Category Archives: grief

It’s Complicated

Photo Credit Earth.com

Once again, the universe is knocking on my door. Hello, it’s me again.

This time by way of a post on addiction, alcohol to be exact that stirred up a memory I haven’t thought about in years, 10 to be precise. Our minds are complex places.

The memory is of my sister-in-law and her untimely death due to her prolonged use of alcohol. Her story, like everyone’s, is complicated. The big gray area does exist.

Her name was Debbie, she was 51 years young.

My first impression of Debbie was that she was beautiful, intelligent, fun, creative, and talented.
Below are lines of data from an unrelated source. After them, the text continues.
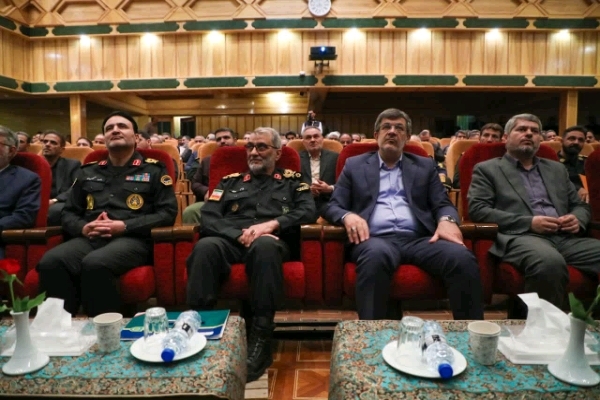 فرمانده انتظامی یزد معرفی شد/ تأکید فراجا بر تغییر راهبرد پلیس در برابر تهدیدهای نوین+ تصاویر فرمانده انتظامی یزد معرفی شد/ تأکید فراجا بر تغییر راهبرد پلیس در برابر تهدیدهای نوین+ تصاویر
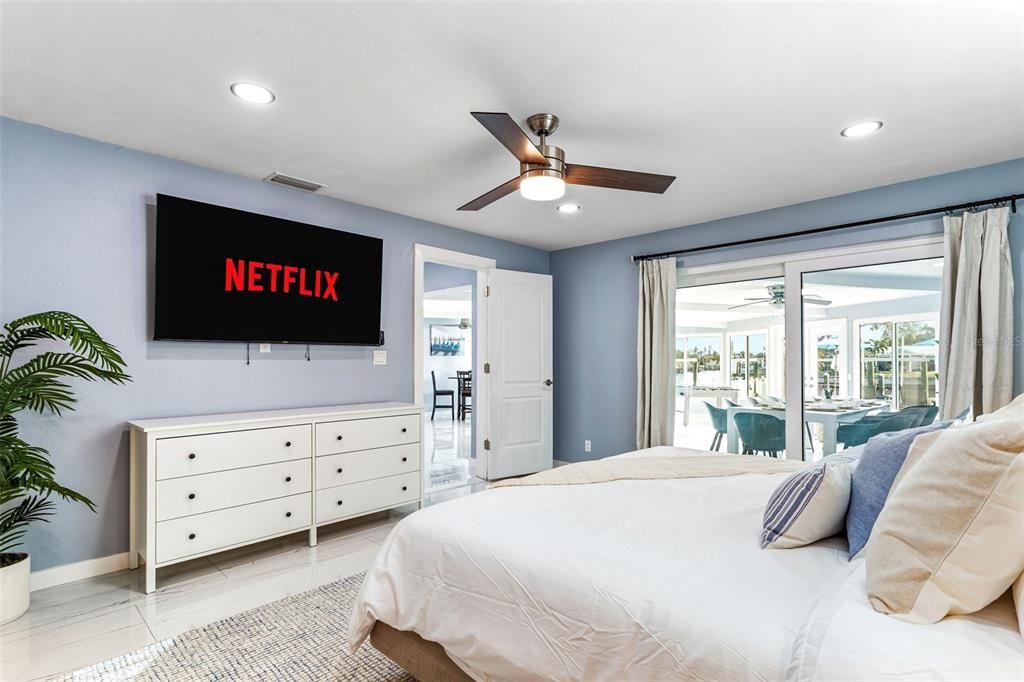 Под контрактом: $1,580,000 (3 спален, 2 ванн, 2621 Квадратных фут)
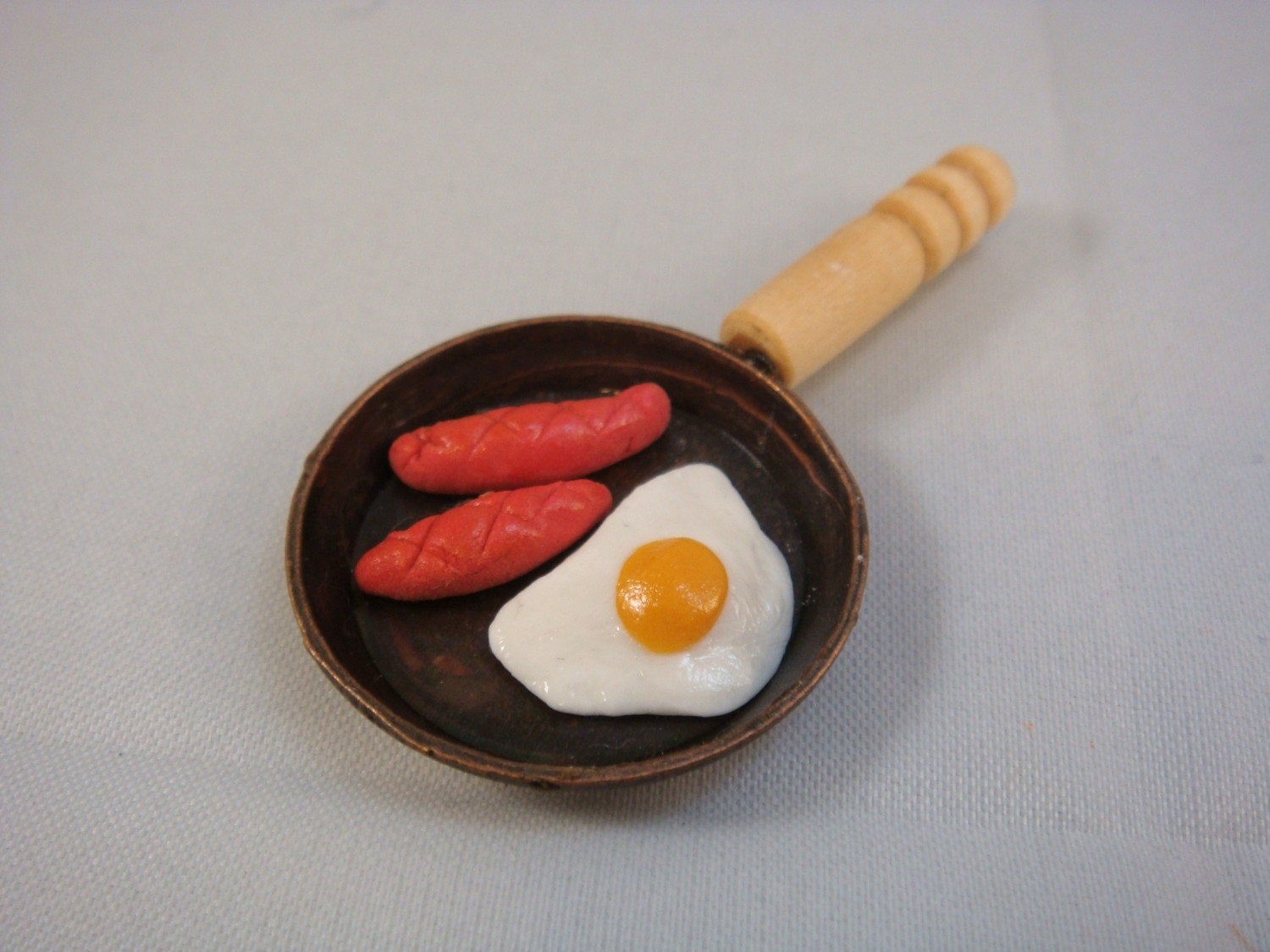 Dollhouse Miniature - Breakfast Fried Egg and Sausages in Pan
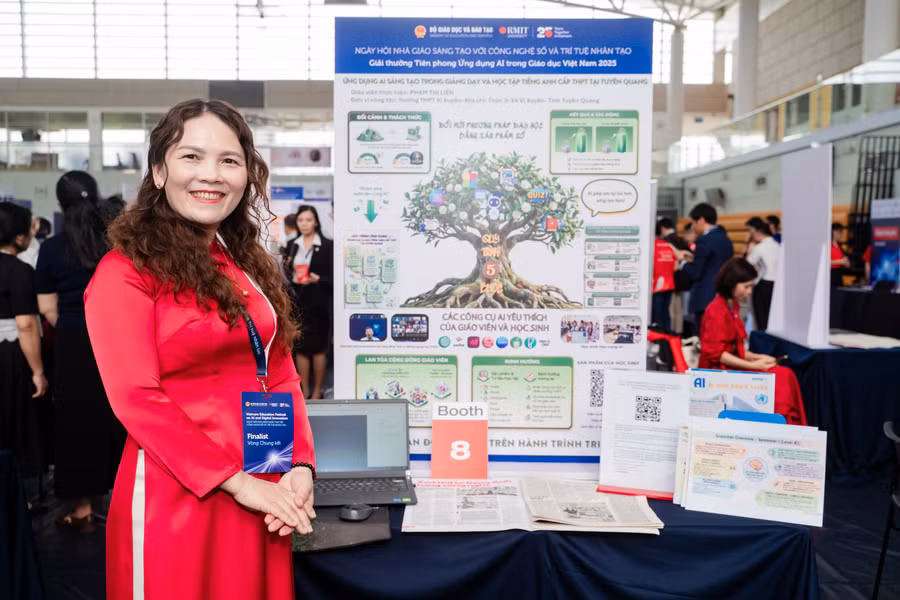 Cô Phạm Thị Liên giới thiệu về Dự án của mình tại "Ngày hội Nhà giáo sáng tạo với công nghệ số và trí tuệ nhân tạo năm 2025". 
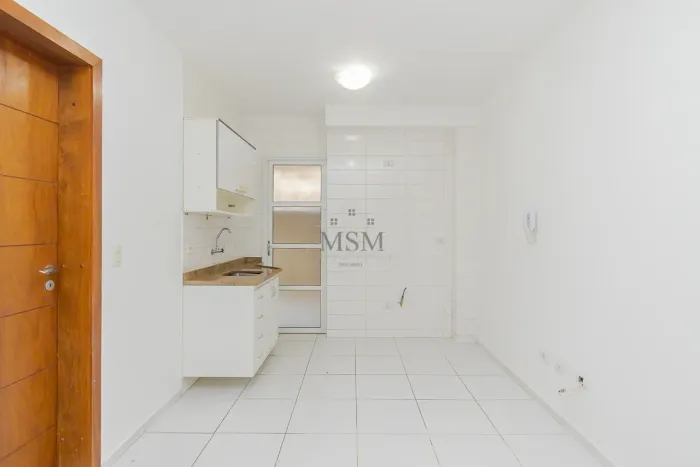 Apartamento térreo com sacada ampla, 1 dormitório e 1 vaga no Hugo Lange/Juvevê!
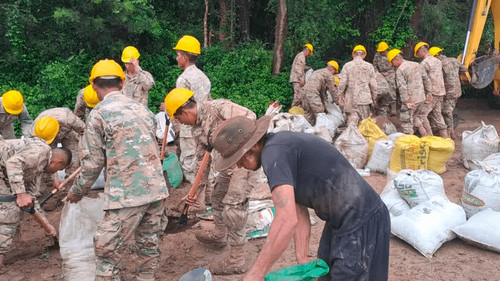 Militares y maquinaria pesada refuerzan labores para reparar dique afectado en Pailón 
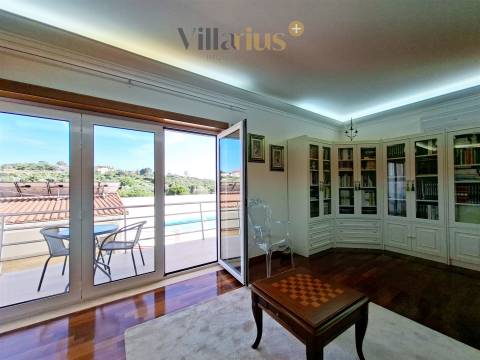 Moradia V3+1 com Piscina, Jardim Privativo e Churrasqueira
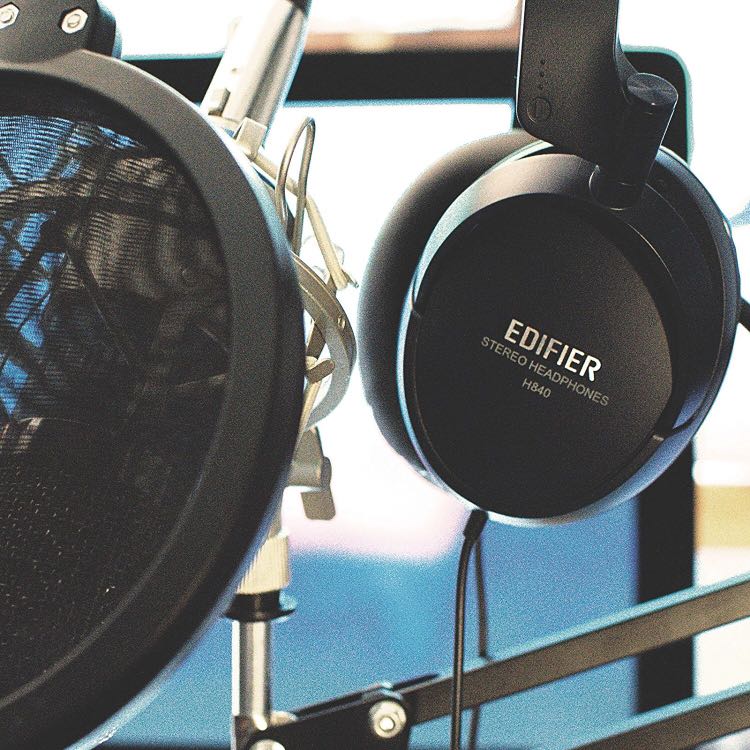 Edifier H840 Audiophile Overtheear Headphones HiFi OverEar NoiseIsolating Audiophile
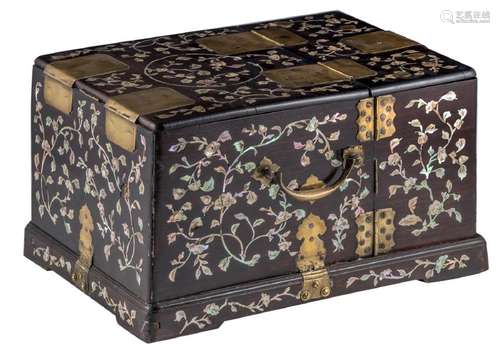 A rare Chinese vanity case made of Asian exotic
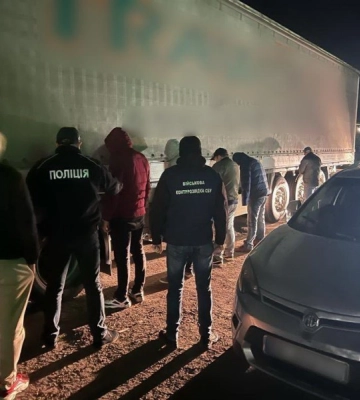 На Закарпатті заблокували канал виїзду за кордон ухилянтів: фігурантами схеми є адвокат, власниця готелю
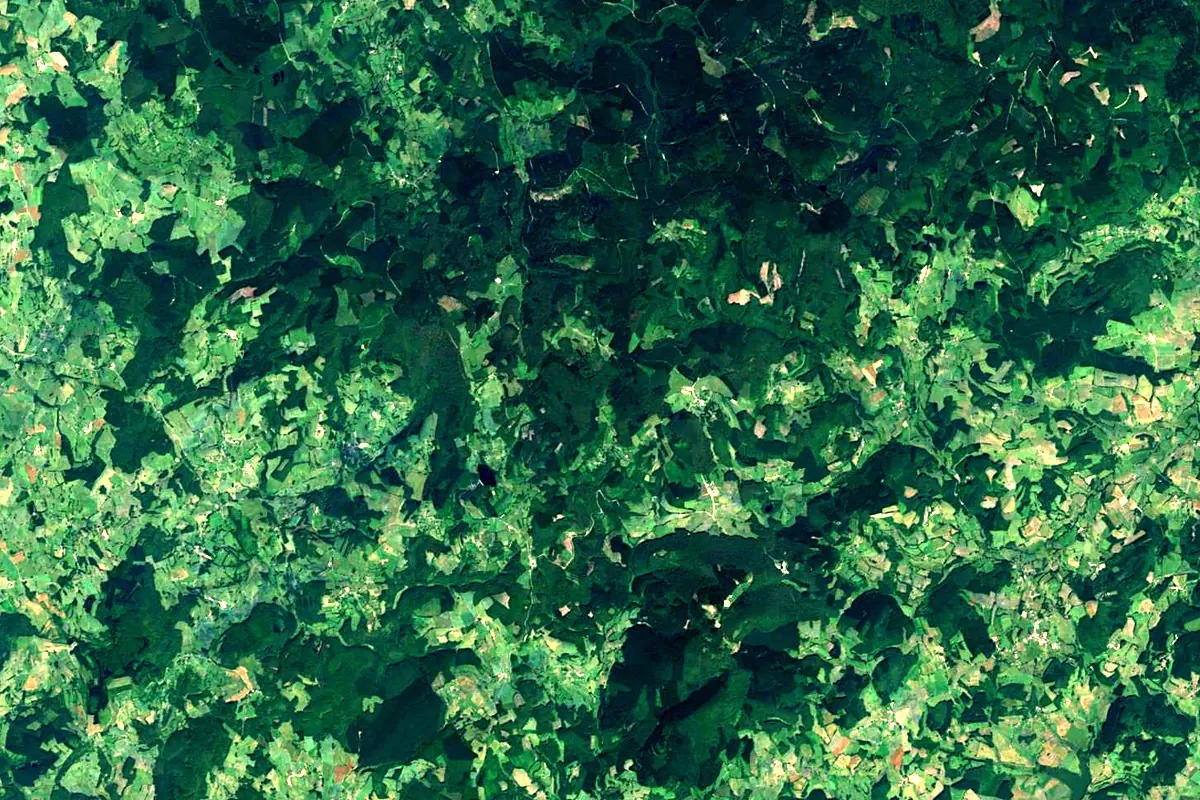 Yonne: satellite view of the source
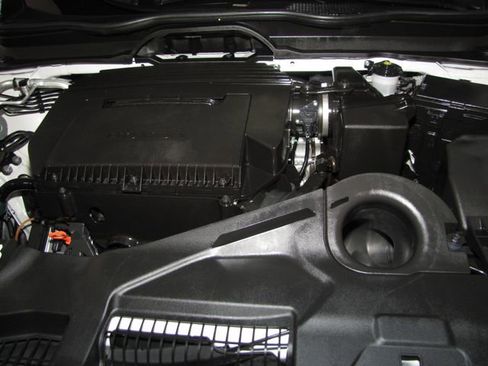 Used 2025 Honda Pilot Touring image 22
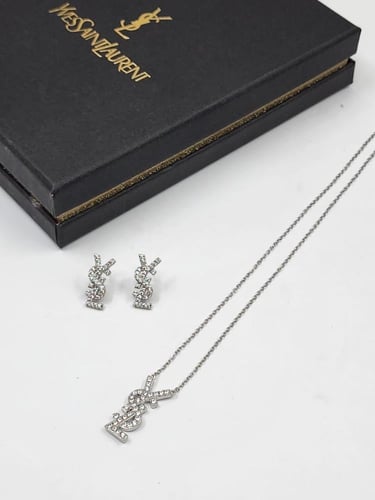 طقم إكسسوارات من إيف سان لوران سلسال مع حلق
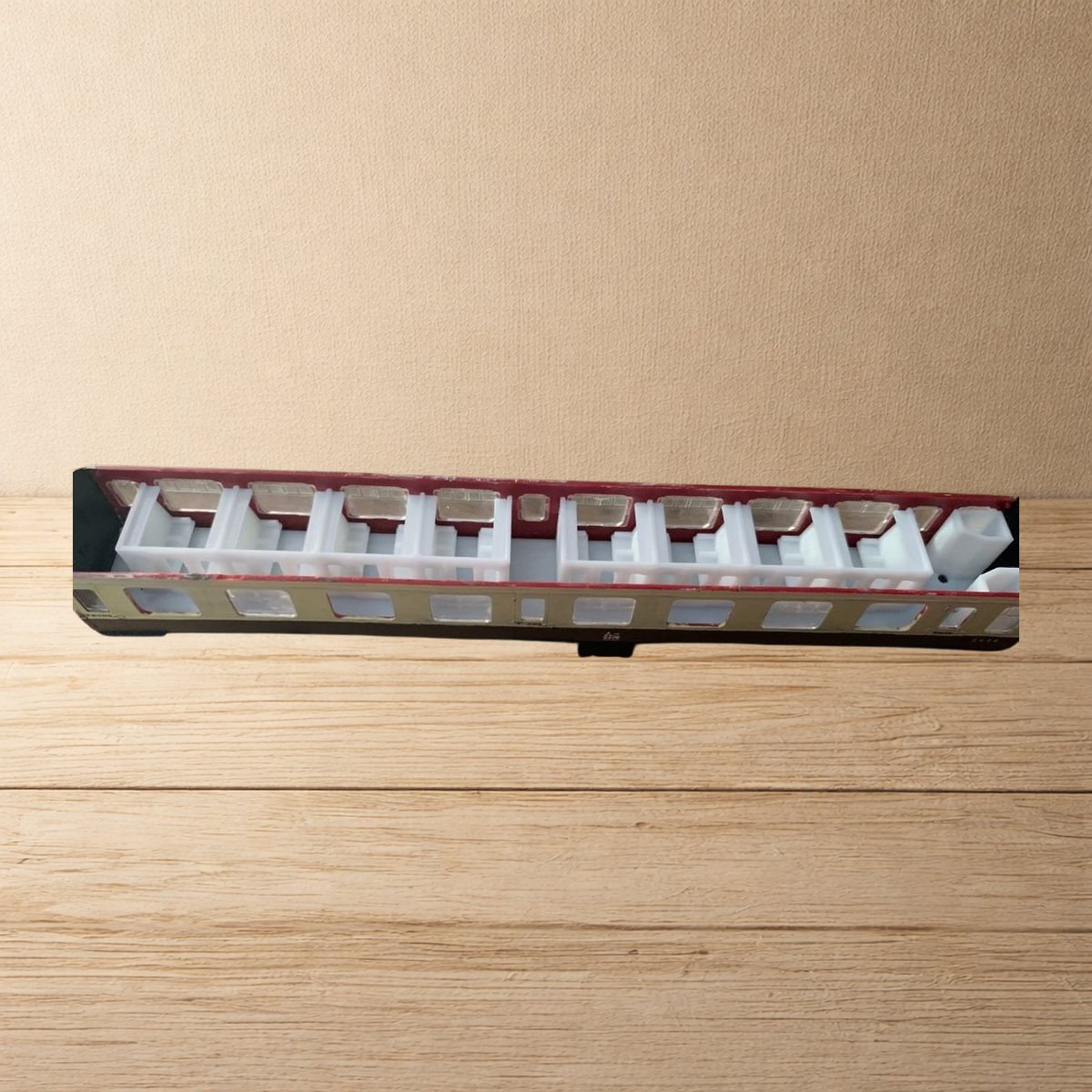 Kitmaster TT Corridor Standard Second With Racks Right View Gallery Image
She loved her baby brother very much, and she shared a birthday with my sister. A winner.

As we got to know each other better, I realized something was off, but not having any experience with alcoholism, I just thought she was a bitch. I was naive, and everyone around her was in denial.

I learned that when their mother died suddenly at 48 years old, Debbie was in the middle of a typical mother/daughter squabble, and they were not on speaking terms. Forgiveness also died that day.

Debbie and her siblings were grieving the loss of their mother individually, being left with a disabled father in disbelief and not much help. Two siblings had spouses for support, and three were left to their own devices. Grief is a complex emotion, and this was a recipe for disaster.

All three chose alcohol as the device to numb the ache. One escaped. One continues his imaginary competition with Keith Richards, and Debbie, wearing an anchor of guilt for two decades, was found dead in the melting snow 10 years ago this week. Free at last.

As I said, Debbie was intelligent and creative, two skills that come in handy when you’re keeping a secret of this magnitude from the world around you. Keeping it alive is another story.

Living a lie every dang day had to be exhausting. I can’t imagine trying to keep up with the responsibilities expected of me while strategically contemplating how I will sneak in a drink and keep my act together throughout the day. That is no joke; it’s a full-time job.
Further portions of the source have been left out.